#### [Required work]
Would you output all the lines below precisely as they stand, leaving each picture out?

#### [Information supplied]
• • • • •

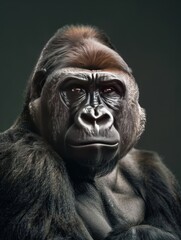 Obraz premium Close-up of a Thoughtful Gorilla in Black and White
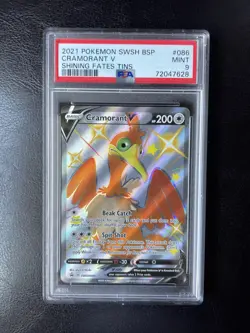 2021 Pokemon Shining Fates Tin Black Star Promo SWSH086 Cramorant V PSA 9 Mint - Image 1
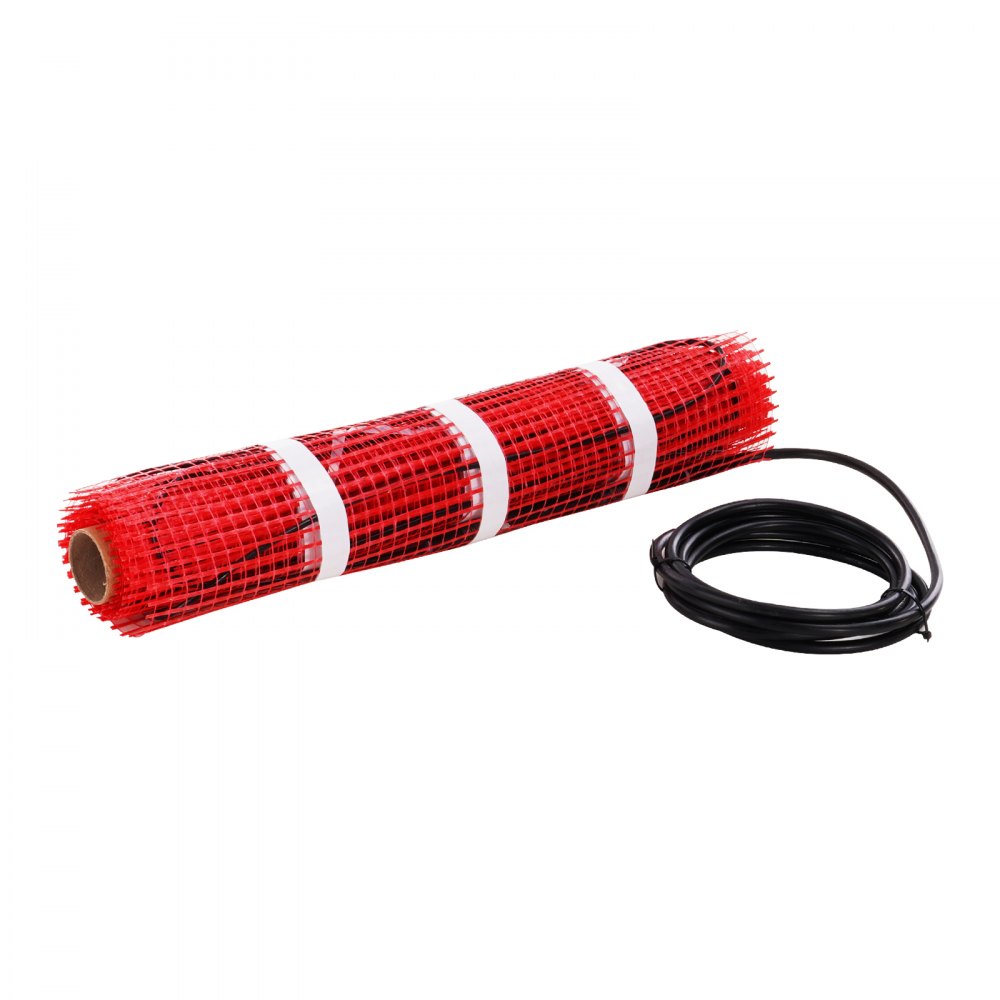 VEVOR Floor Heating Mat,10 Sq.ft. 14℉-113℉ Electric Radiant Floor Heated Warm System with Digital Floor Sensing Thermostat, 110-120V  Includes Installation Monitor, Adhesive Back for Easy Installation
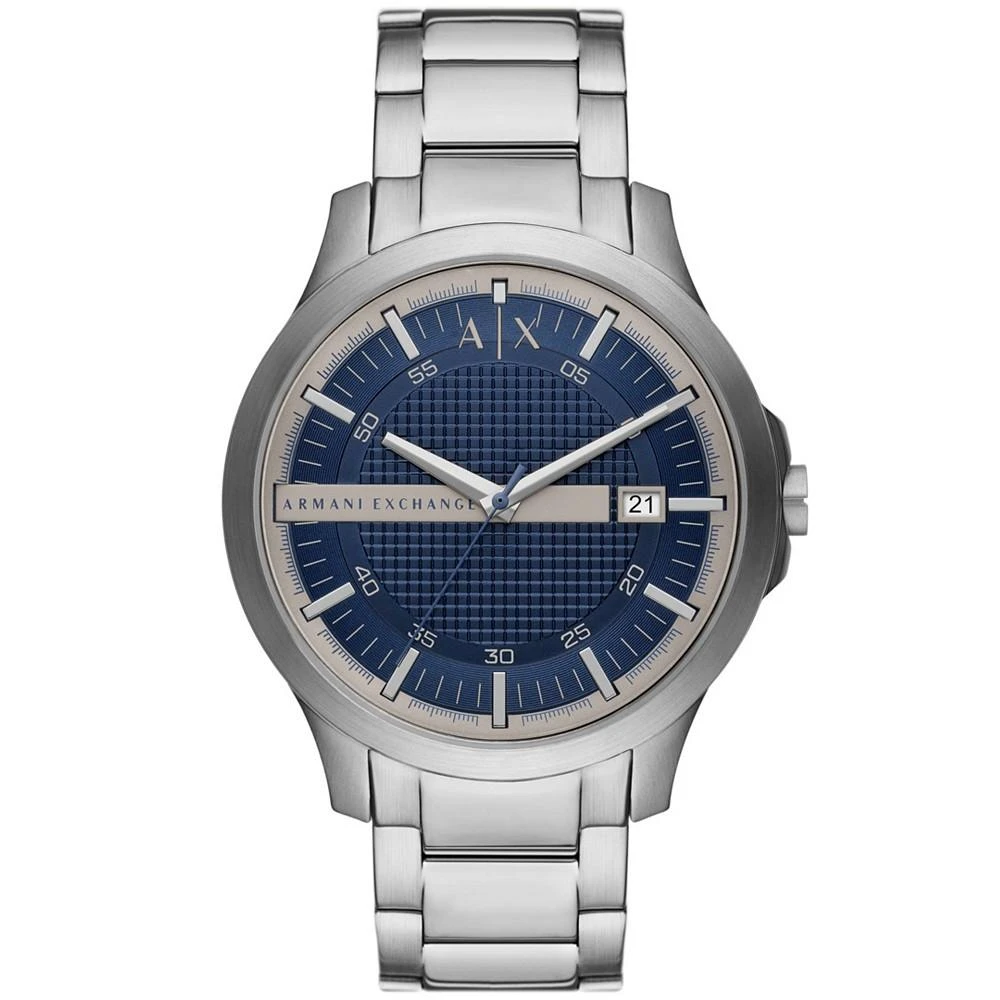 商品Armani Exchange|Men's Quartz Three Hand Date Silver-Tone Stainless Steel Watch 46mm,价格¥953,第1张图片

• • • • •

#### [Result]
 Obraz premium Close-up of a Thoughtful Gorilla in Black and White
 2021 Pokemon Shining Fates Tin Black Star Promo SWSH086 Cramorant V PSA 9 Mint - Image 1
 VEVOR Floor Heating Mat,10 Sq.ft. 14℉-113℉ Electric Radiant Floor Heated Warm System with Digital Floor Sensing Thermostat, 110-120V  Includes Installation Monitor, Adhesive Back for Easy Installation
 商品Armani Exchange|Men's Quartz Three Hand Date Silver-Tone Stainless Steel Watch 46mm,价格¥953,第1张图片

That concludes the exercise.